- Directed by: Molly Dworsky and Dave Newberg
- Written by: Zachary Capp Molly Dworsky Julian Edward Williams Dave Newberg
- Produced by: Zachary Capp; Joshua Capp; Daniel Capp; Dave Newberg; Molly Dworsky; Sean Brogan; Julian Edward Williams; Pete Berg; Drew Johnson; Dave Reynolds;
- Cinematography: Mike Lurie and Pete Berg
- Edited by: Dave Newberg
- Production companies: Capp Bros Productions Asteroid and Space Metals Recovery
- Distributed by: 1091 Pictures
- Release dates: August 2019 (Festival of Cinema NYC); October 6, 2020;
- Running time: 88 minutes
- Country: United States
- Language: English

= The Ringmaster (film) =

2019 documentary film

The Ringmaster is a 2019 American documentary film starring Zachary Capp and Larry Lang.
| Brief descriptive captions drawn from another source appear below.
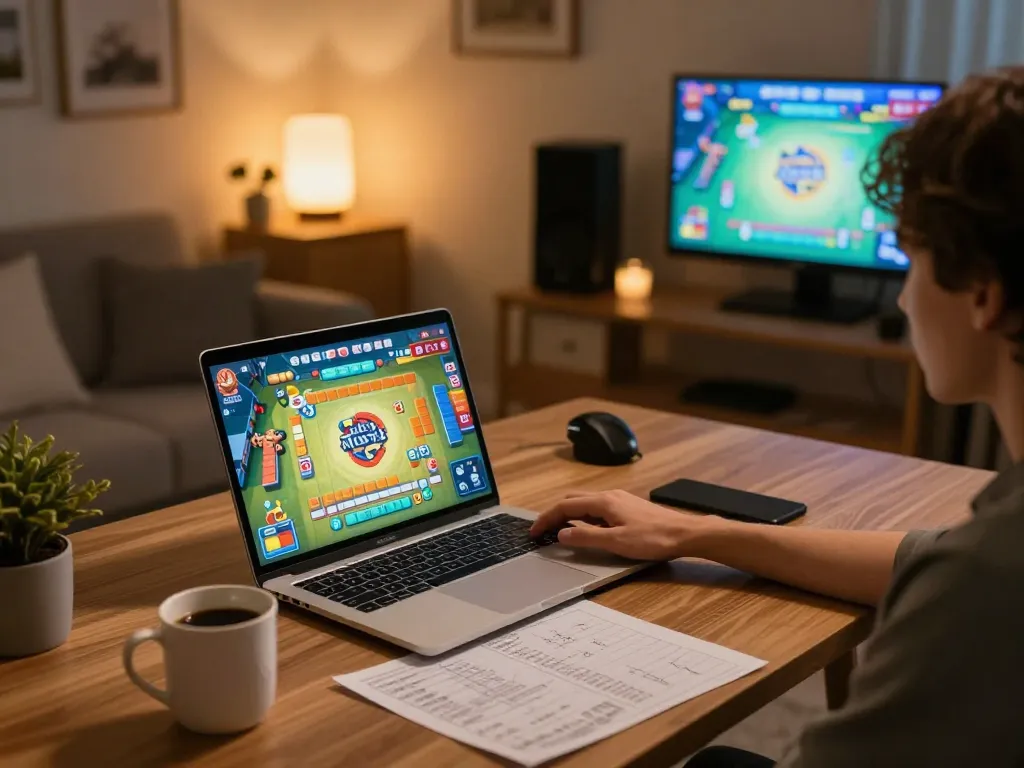 Player enjoying Mahjong Ways 2 on a laptop, showcasing strategic gameplay in a cozy home setup.
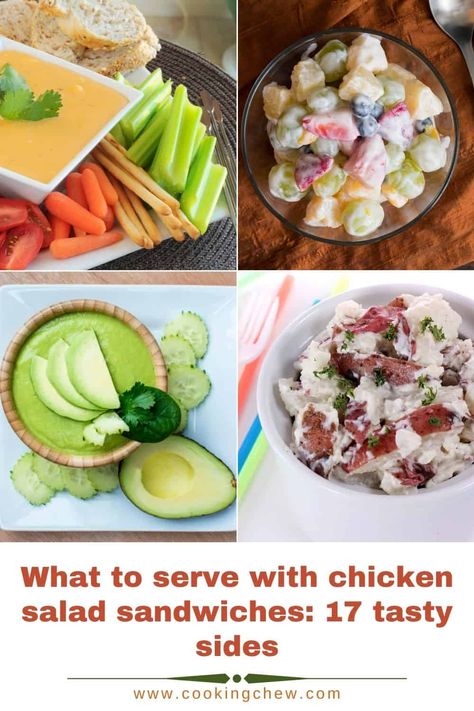 Looking for side dishes to serve along with your chicken salad sandwiches? This CookingChew guide features 17 impressive side items that go great with chicken salad sandwiches. Red Potato Salad Recipe, Chicken Salad Dressing, Chicken Salad Sandwiches, Ambrosia Fruit Salad, Best Sides, Hawaiian Macaroni Salad, Potato Bacon Soup, Red Potato Salad, Sandwich Sides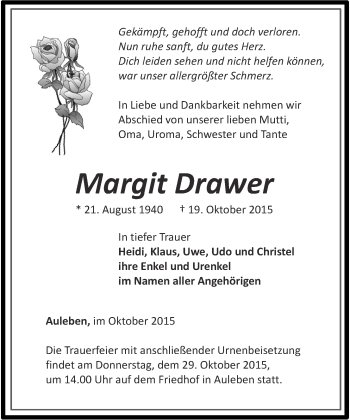 Traueranzeige von Margit Drawer von Thüringer Allgemeine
The documentary was directed by Molly Dworsky and Dave Newberg and is a Capp Bros Production in association with Asteroid and Space Metals Recovery.

The film premiered at the 2019 Festival of Cinema NYC and released digitally and on demand on October 6, 2020 through 1091 Pictures.

== Plot ==
An aging chef from Minnesota has his life turned upside down when a relentless filmmaker from Las Vegas tries to make the chef's onion rings world famous.

== Reception ==
The film premiered at the Festival of Cinema NYC in August 2019 and took home the Best Feature Documentary prize. It then went on to win the Best Screenwriting Award at Doc LA - Los Angeles Documentary Film Festival and concluded its festival run at the DOC EDGE Festival in New Zealand.